Changes to the Corporate Income Tax Law and the Law on Tax Procedure and Tax Administration
Changes to the Corporate Income Tax Law and the Law on Tax Procedure and Tax Administration
The National Assembly of the Republic of Serbia has adopted the Law on changes and amendments to the Corporate Income Tax Law and the Law on changes and amendments to the Law on Tax Procedure and Tax Administration on December 29th, 2015. Most of the changes are applicable as of January 1st, 2016.
The review of the most important changes and amendments are presented below.
Changes and amendments to the Corporate Income Tax Law
Article 9 – Salary costs
According to the amendments to Article 9 of the Corporate Income Tax Law (hereinafter: CIT Law), conditions under which salary expenses are recognized as tax deductible are more precisely described.
Namely, according to para 2, the amount of earnings which in accordance with the Law on Personal Income Tax can be treated as salaries, including non-taxable amounts, can be deducted for tax purposes in the tax period in which they are paid, i.e. realized.
Non-taxable amounts include jubilee awards, Christmas and New Year’s Eve gifts to children up to the age of 15, solidarity aid in case of illness, etc. Such amendments have clarified some of the concerns related to the tax treatment of earnings paid to employees, which do not represent a usual liability for the company.
Article 16 – Recognition of individual receivables write-off
With respect to Article 16 of the CIT Law, paras 4, 5, 6 and 11 were added.
In accordance with para 4, a single receivable write-off will be recognized as a tax deductible expense in the case when it has been included in a previously concluded and legally verified reorganization plan, in accordance with the rules regulating bankruptcy.

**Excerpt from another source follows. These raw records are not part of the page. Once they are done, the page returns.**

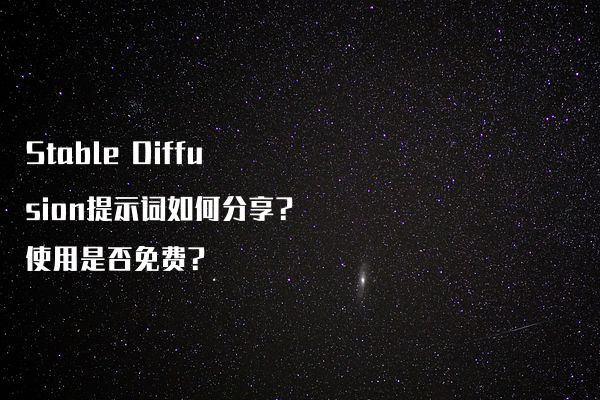 Stable Diffusion提示词如何分享?使用是否免费?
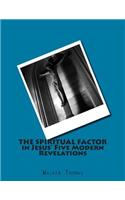 The Spiritual Factor in Jesus' Five Modern Revelations: (Peace Please: 1,000 Proposals to Transform the Planet and Usher in a New Age of Peace and Prosperity)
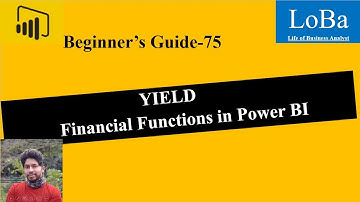 Power BI YIELD function | Yield in PBI | Financial Yield in PBI | Financial Functions in PBI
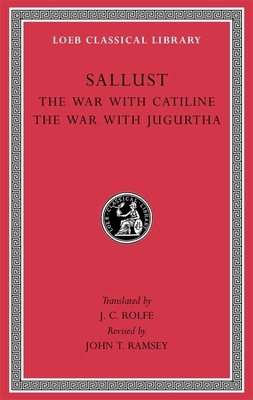 The War with Catiline. the War with Jugurtha by Sallust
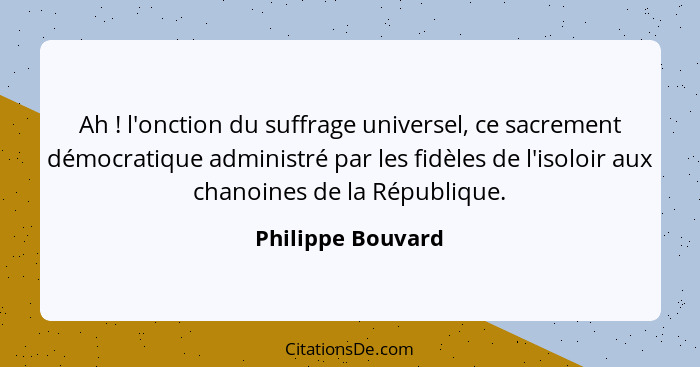 Ah ! l'onction du suffrage universel, ce sacrement démocratique administré par les fidèles de l'isoloir aux chanoines de la Ré... - Philippe Bouvard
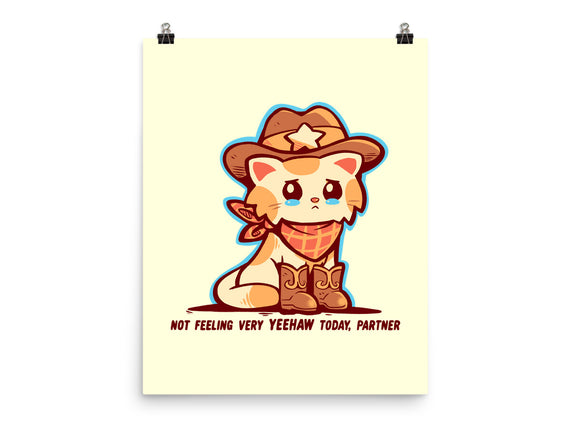 Not Feeling Very Yeehaw
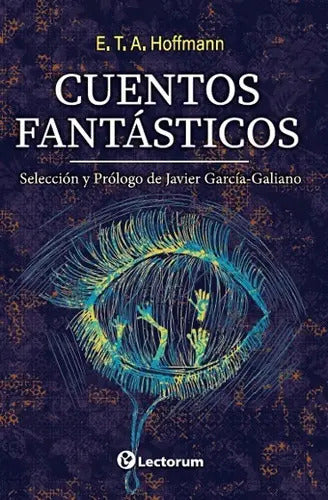 Cuentos Fantásticos - De E. T. A. Hoffmann, Edit. Lectorum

Special rules for banks are introduced in order to facilitate the write-off of receivables, the recognition for tax purposes of such expenses and to increase its marketability. For loans granted to non-related parties, individual receivables write-off will be recognized as a deductible expense if at least two years have passed from the date of maturity of such receivable, and if evidence of the debtor’s insolvency are provided.
The write-off of part of the bank’s individual receivables, which have not been fully settled from the sale of real estates, performed in accordance with the law, will be recognized as a deductible expense for tax purposes.
Furthermore, para 11 states that expenses based on the write-off of individual receivables, which have not been recognized as deductible expenses in the tax period in which they were recorded, will be recognized in the tax period when the conditions for recognizing the receivables write-off have been fulfilled. The previous will be accomplished when:
- The taxpayer acquires evidences that debtors were sued,
- Debt collection proceedings were initiated or
- Receivables were reported in the bankruptcy or liquidation proceedings.
Article 16a – Losses realized on transfer of receivables
Provisions under Article 16a of the CIT Law are more precisely defined in order to avoid uncertainties.
Namely, Article 16a that relates to the recognition of losses realized through the sale of receivables has been amended so that this loss could be recognized for tax purposes in the period when the sale was realized and to the amount registered in the taxpayer’s Income statement.
In accordance with Article 16 para 9 and Article 22 of the CIT Law, if a bad debt provision has been made for the aforementioned receivables in a previous tax period, such expense is recognized for tax purposes.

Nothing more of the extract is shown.